| Data shown |
==*==
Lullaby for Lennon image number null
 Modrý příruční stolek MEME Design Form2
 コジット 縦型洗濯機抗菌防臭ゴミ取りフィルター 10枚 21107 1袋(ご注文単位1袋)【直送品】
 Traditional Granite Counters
==*==
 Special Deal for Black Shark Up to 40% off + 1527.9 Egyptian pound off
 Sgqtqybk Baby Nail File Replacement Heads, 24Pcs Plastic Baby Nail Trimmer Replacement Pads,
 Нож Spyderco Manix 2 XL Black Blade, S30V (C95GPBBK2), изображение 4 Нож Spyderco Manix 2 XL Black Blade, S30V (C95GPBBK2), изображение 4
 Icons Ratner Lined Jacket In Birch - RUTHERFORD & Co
==*==
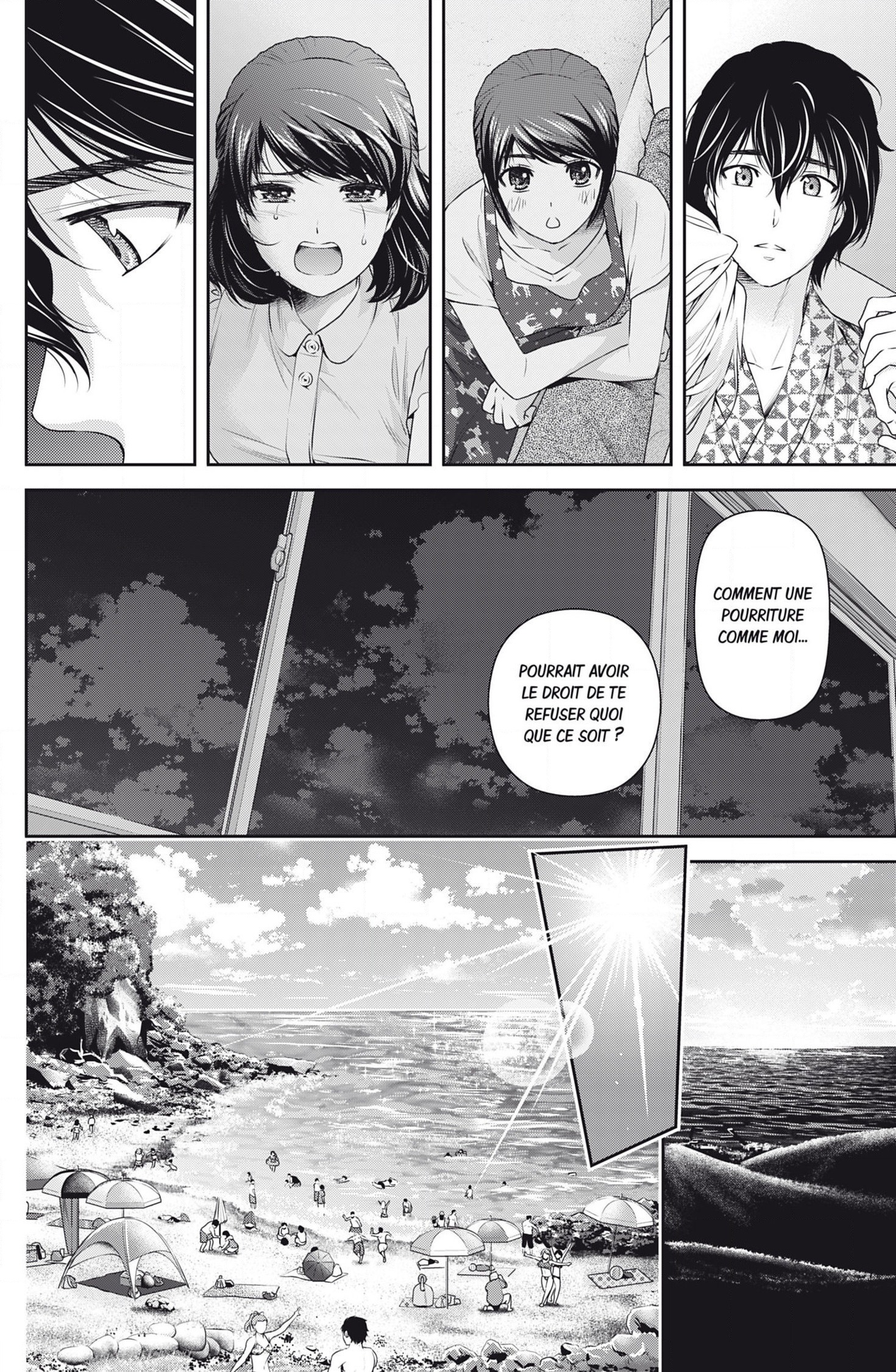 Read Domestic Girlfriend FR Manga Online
==*==
| How to complete this task |
Wherever the word "Black" appears in the listing above, copy the whole line.

| Task answer |
 Special Deal for Black Shark Up to 40% off + 1527.9 Egyptian pound off
 Нож Spyderco Manix 2 XL Black Blade, S30V (C95GPBBK2), изображение 4 Нож Spyderco Manix 2 XL Black Blade, S30V (C95GPBBK2), изображение 4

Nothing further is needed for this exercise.